Indien bij de uitwerking van de zoekgebieden blijkt dat er bij een project sprake is van mogelijke negatieve impact op natuur, zal dit aanleiding zijn na te gaan of een andere locatie, ontwerp of invulling van het project mogelijk is binnen de geselecteerde zoekgebieden. Als dat niet lukt, zullen de effecten van projecten moeten worden gemitigeerd, respectievelijk gecompenseerd, bijvoorbeeld door elders compenserende natuur aan te leggen. Indien ook dit onvoldoende bijdraagt aan de ecologische instandhoudingsdoelen, zal er geen vergunning voor het project kunnen worden verstrekt.
Klopt het dat energiebedrijven ontheffingen hebben aangevraagd of verkregen om 175 windturbines in Natura2000- gebied te plaatsen?7 Zo ja, hoeveel ontheffingen zijn al vergeven en op welke grond zijn deze gegeven?
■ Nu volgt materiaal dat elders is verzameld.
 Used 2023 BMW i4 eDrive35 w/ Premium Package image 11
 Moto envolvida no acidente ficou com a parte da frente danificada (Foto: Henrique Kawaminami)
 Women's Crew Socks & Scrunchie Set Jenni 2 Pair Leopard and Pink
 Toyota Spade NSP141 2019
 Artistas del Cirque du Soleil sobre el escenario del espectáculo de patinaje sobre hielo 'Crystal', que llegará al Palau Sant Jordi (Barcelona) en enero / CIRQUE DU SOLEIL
Zo nee, wat is de stand van zaken?
Provincies zijn bevoegd gezag voor het verlenen van ontheffingen of vrijstellingen voor soorten en vergunningen voor Natura 2000. Wij hebben geen overzicht van hoeveel en welke aanvragen alle provincies hebben bereikt en welke daarvan een ontheffing Wnb hebben gekregen.
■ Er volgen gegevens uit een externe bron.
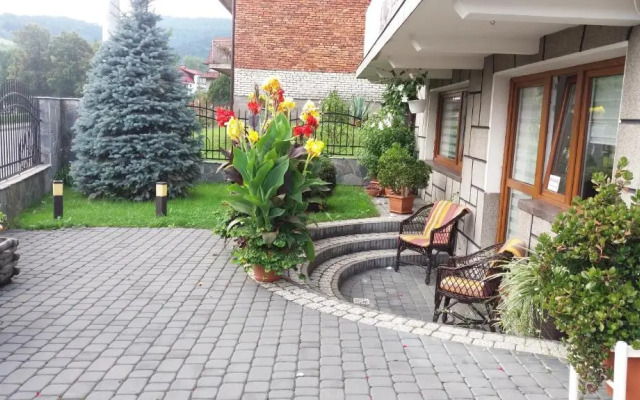 Pokoje do Wynajęcia u Lusi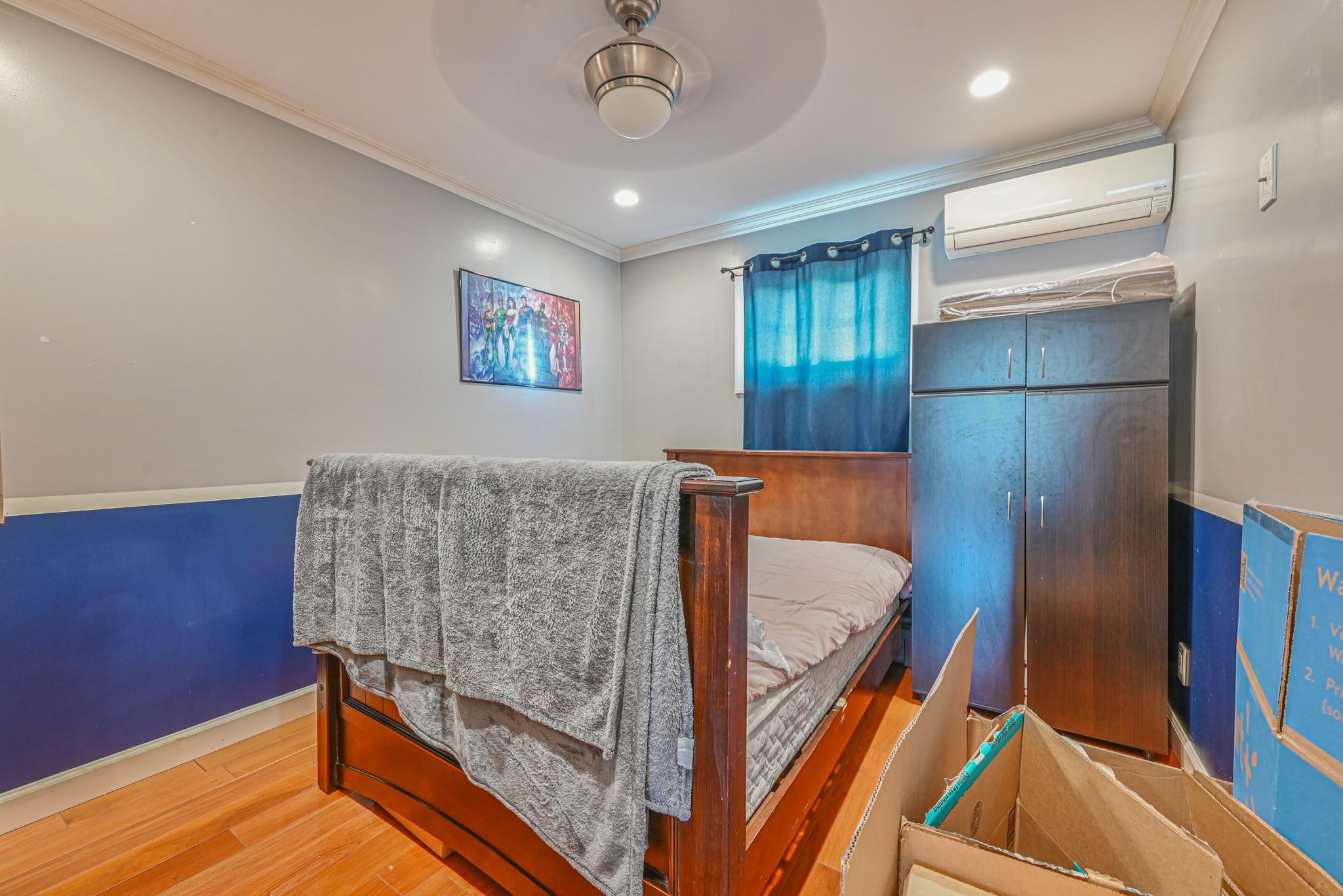 1069 Hastings St, Baldwin, NY 11510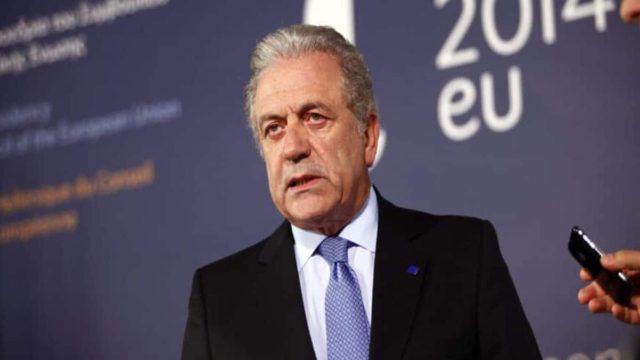 Qatar Gate: Επείγουσα έρευνα της Κομισιόν για τον Δημήτρη Αβραμόπουλο – Τι μεταδίδει το Politico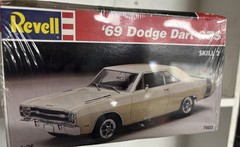 1995 Revell 7603 1/25 Scale ’69 Dodge Dart GTS Model Kit Skill 2
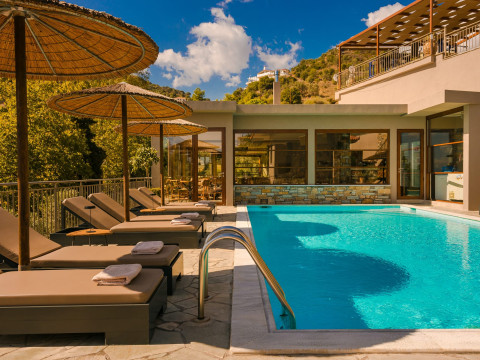 PARAMITHENIO VILLAGE BEACH RESORT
Of realisatie binnen of buiten een Natura 2000-gebied plaatsvindt, is geen apart verplichte toetsing die door de Wnb wordt voorgeschreven. Voor plaatsing binnen Natura 2000-gebieden gelden – naast de algemene toetsing op natuur en landschap – extra toetsingscriteria om de effecten op de instandhoudingsdoelen te beperken. Voor plaatsing dicht bij Natura 2000-gebieden gelden ook extra toetsingscriteria waarbij effecten op de instandhoudingsdoelen via externe werking worden meegewogen.
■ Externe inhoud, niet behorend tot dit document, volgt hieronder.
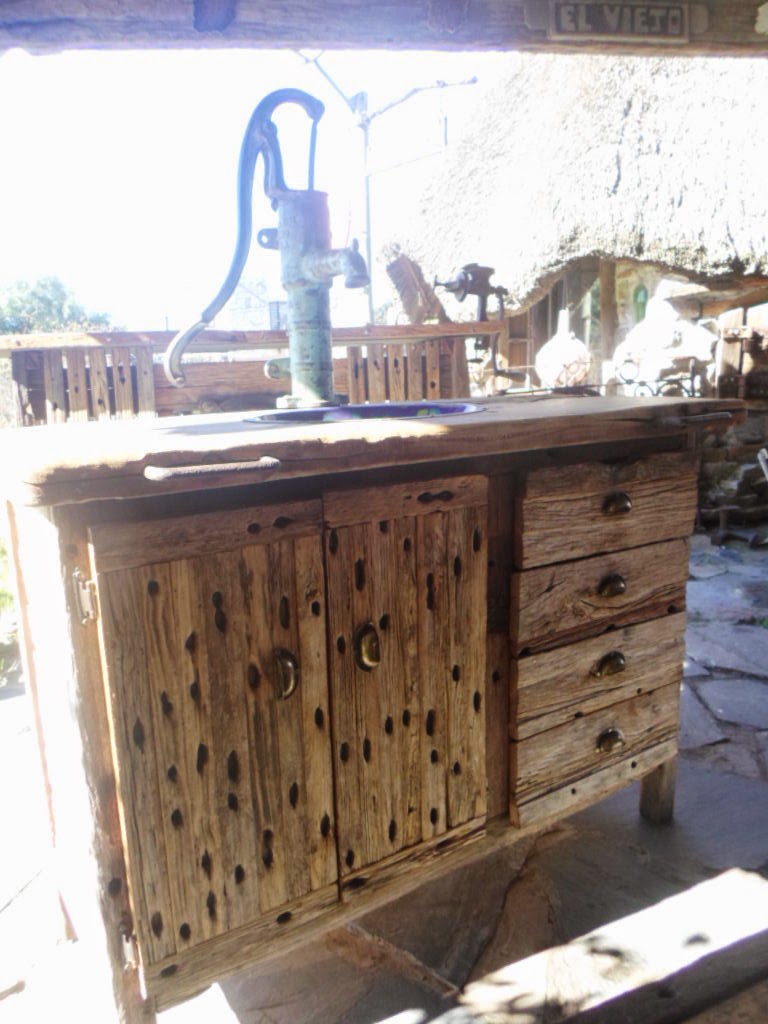 El Rancho Arte Rústico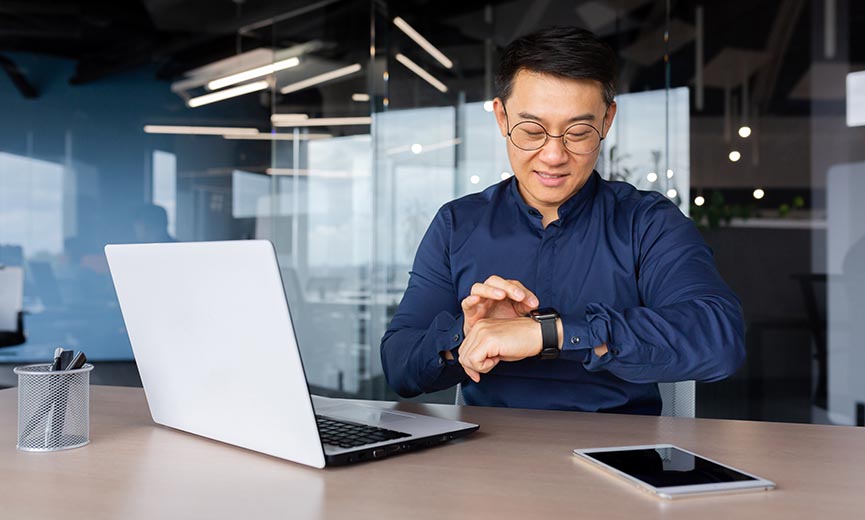 un empleado que utiliza una solución integrada de control de tiempo y nómina en el trabajo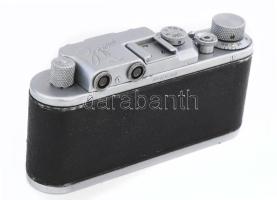 Zorkij szovjet távmérős fényképezőgép, Industar-22 50mm f/3.5 objektívvel, sapkával, eredeti bőr tok...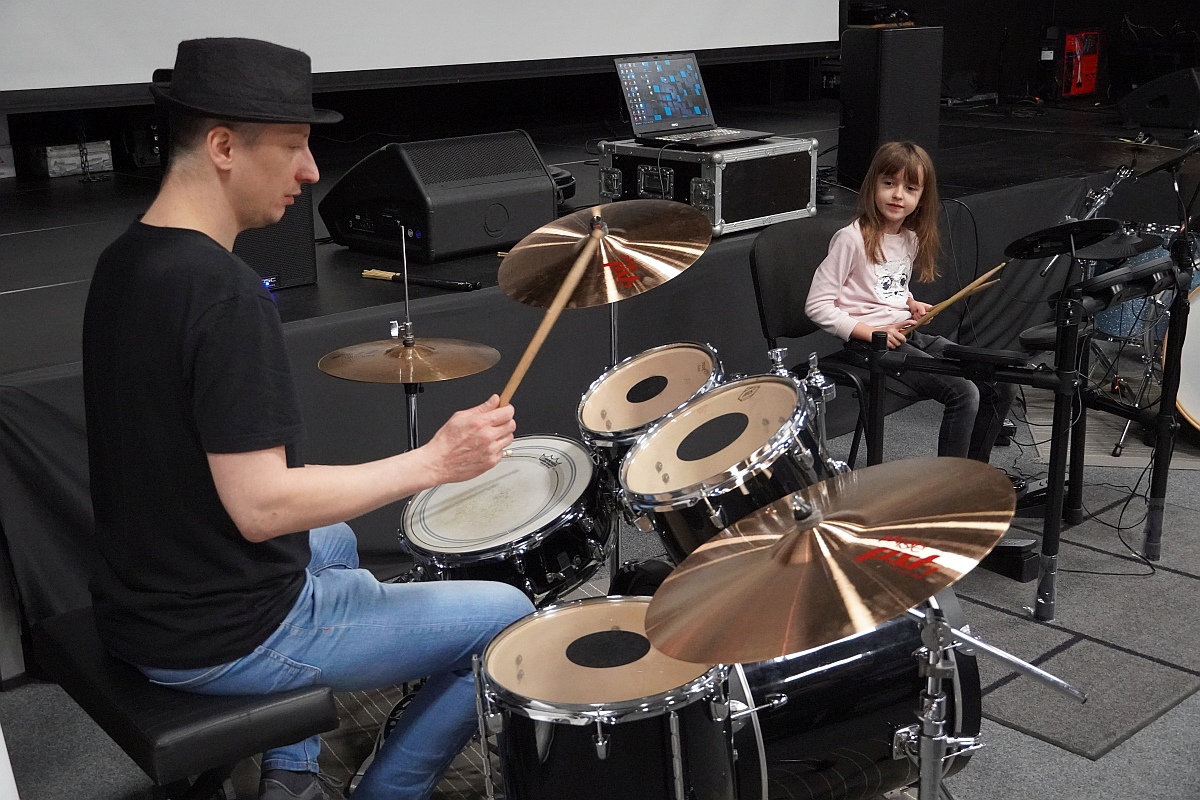 Muzyka łączy pokolenia. Perkusja i klawisze dla najmłodszych [20.11.2023] - zdjęcie #3 - eOstroleka.pl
Het is ons bekend dat er enkele windprojecten in Natura 2000-gebieden zijn of worden gerealiseerd. Vanzelfsprekend zijn deze projecten getoetst aan de wettelijke instandhoudingsdoelen.
Klopt het dat energiebedrijven ontheffingen hebben aangevraagd of verkregen om 125 windturbines pal naast beschermde natuurgebieden te plaatsen? Zo ja, hoeveel ontheffingen zijn al vergeven en op welke grond zijn deze gegeven? Zo nee, wat is de stand van zaken?
Zie antwoord vraag 10.
Is er voor elke vergeven ontheffing onderzoek gedaan naar de aanwezigheid van beschermde plant- en diersoorten? Zo ja, is voor elke ontheffing geconcludeerd dat kwetsbare en beschermde diersoorten geen «significante negatieve» effecten zullen ondervinden? Zo nee, welke beschermde plant- en diersoorten zullen negatieve gevolgen ondergaan van de plaatsing van windturbines in Natura2000- gebied, graag uitgesplitst per ontheffing? Hoeveel natuur zal er gecompenseerd moeten worden, graag uitgesplitst per ontheffing?
Dit type onderzoek en de daarbij behorende conclusies met betrekking tot effecten op natuurwaarden heeft bij afzonderlijke windparken en turbines plaatsgevonden. Op basis van een dergelijk onderzoek zijn de benodigde ontheffingen in geval van vogel- en vleermuizenslachtoffers verleend, al dan niet met bepaalde voorwaarden. Deze informatie is niet op nationaal niveau beschikbaar wegens de in 2017 doorgevoerde decentralisatie van de ontheffingsverlening.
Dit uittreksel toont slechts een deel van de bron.